La battaglia navale di Marco Malvaldi, Sellerio 2016.
Quando ho voglia di farmi qualche risata mi butto sui libri di Marco Malvaldi. Come in questo caso tra il vernacolo sboccato e le battute esplicite dei vecchietti del BarLume presso Pineta, sul litorale pisano. Precisamente al “Bocacito”, il ristorante più elegante della zona. In quattro a lavorarci: Aldo, Tiziana, Tavolone e Natasha, ognuno con le sue storie.
Per Massimo, che fa parte della brigata casinara, urge una vacanza con la fidanzata Alice Martelli, vicequestore di Pineta.
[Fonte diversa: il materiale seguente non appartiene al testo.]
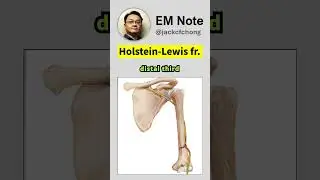 Holstein Lewis Fracture Causing Wrist Drop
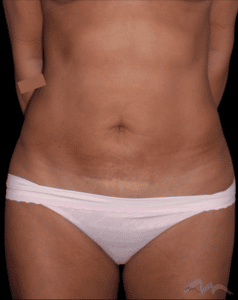 Liposuction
Tutto facile se non si abitasse proprio qui, dove arrivano morti ammazzati a babordo e a tribordo. Come quello di Olga “Vattelappesca”, una badante ucraina ritrovata stecchita sulla spiaggia del luogo. Sposata e angariata da un elemento ben noto alla polizia per varie e losche faccende. Primo punto.
Secondo punto. Alcune ville vengono prese di mira da ignoti vandali armati di bombolette spray di vernice rossa con la scritta “Dio è grande” in arabo e in italiano. Solo una risparmiata su cinque. Perché?
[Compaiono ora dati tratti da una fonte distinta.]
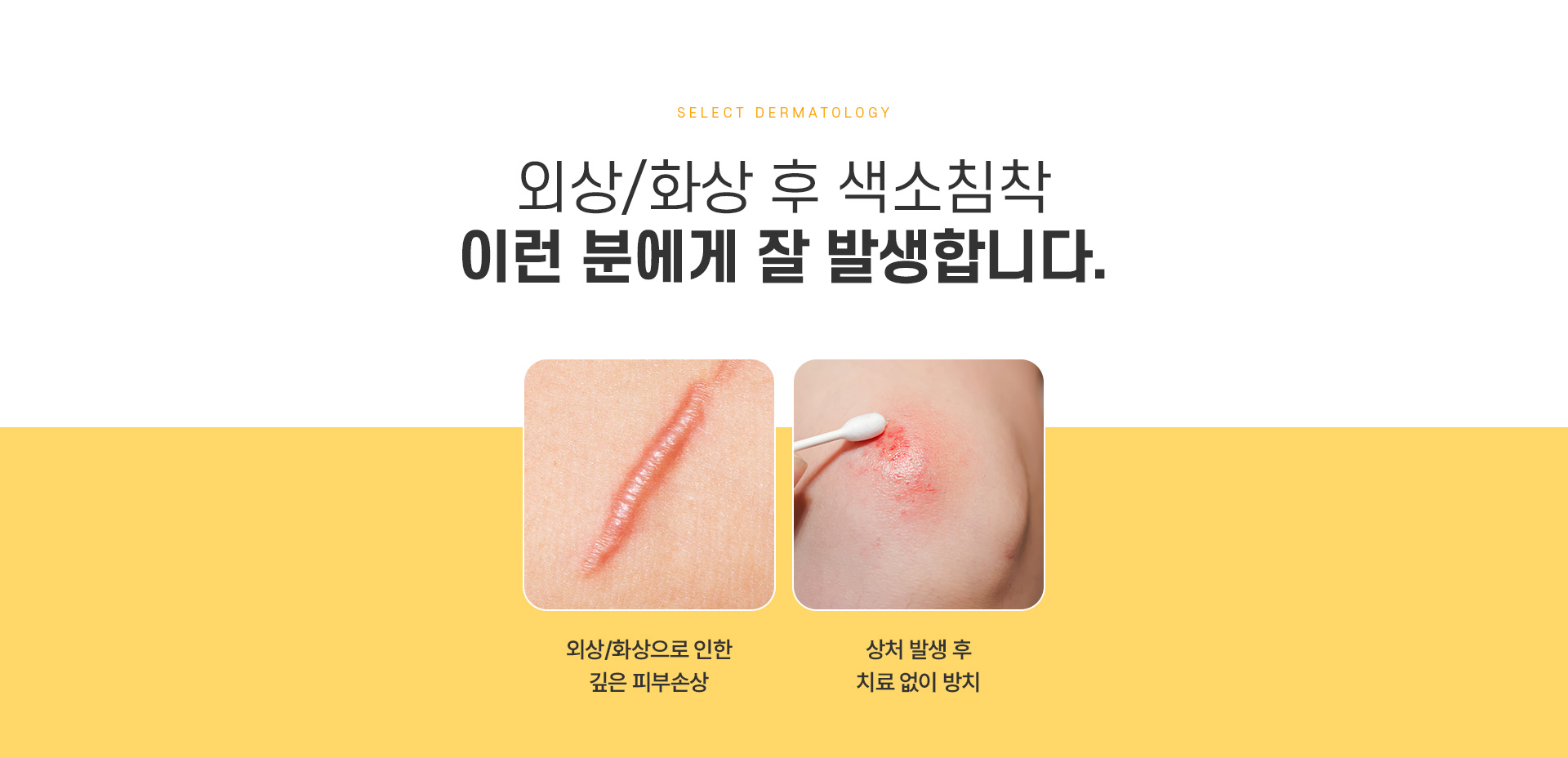 외상화상후색소침착 치료방법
Terzo punto (i tre punti si intersecheranno fra loro). Perse le tracce di una certa Sharon Pigliacelli, australiana di ventidue anni.
Nelle ricerche ad Alice e i Quattro della prostata selvaggia si aggiunge il “compagno” Armando Maria Mastropasqua (frecciatine anche su di lui) per sapere qualcosa dalle ucraine che conoscevano Olga e tutte a dire che era un angelo, mentre sniffava di brutto. E, forse, guarda un po’, l’hanno uccisa proprio loro per appropriarsi del permesso di soggiorno, oggi quasi un tesoro.
Il lavoro d’indagine come una battaglia navale “All’inizio spari alla cieca, e non cogli niente, ma è fondamentale che tu ti ricordi dove hai sparato, perché anche il fatto che lì non abbia trovato nulla è una informazione.” (Alice). Tanto per spiegare il titolo del libro.
Malvaldone è un furbo matricolato di tre cotte. Ogni tanto butta lì qualche parola o frase “strana” che attiri la nostra curiosità e poi via a smascherarla nella maniera più simpatica possibile. Vedi, per esempio, il “fattoriale” e te ne fa una disquisizione scientifica, oppure, tra un dialogo e l’altro, ti scaraventa addosso “Sampling bias” e giù con piglio cultural-semiserio in un contesto da ridere. Ancora ti spiattella in stretti dialoghi qualche fetta di problematica individual-sociale sul fatto se siamo tutti uguali o meno, e ti cita con nonchalance Umberto Eco e la Bibbia che un pizzico di cultura tra frizzi e lazzi fa il suo bell’effetto.
La vicenda giallistica in se stessa conta sì, ma fino ad un certo punto (mi pare ben costruita anche se complicatina). Quello che colpisce sono le figure, gli attori prostatici o meno, che sbalzano in rilievo con i loro tic, le loro manie, le loro problematiche (vedi, per esempio, Massimo in tensione che parla da solo chiuso in macchina, o il Rimediotti costretto a spiccicar parole strambe attraverso un tastino, causa intervento alla carotide). Personaggi veri, vivi, vitali pronti alla battutaccia popolare, alla critica sferzante ma pronti pure all’abbraccio sincero che l’amicizia è sacra. Come tutti (o quasi) quelli della mia amata Toscana.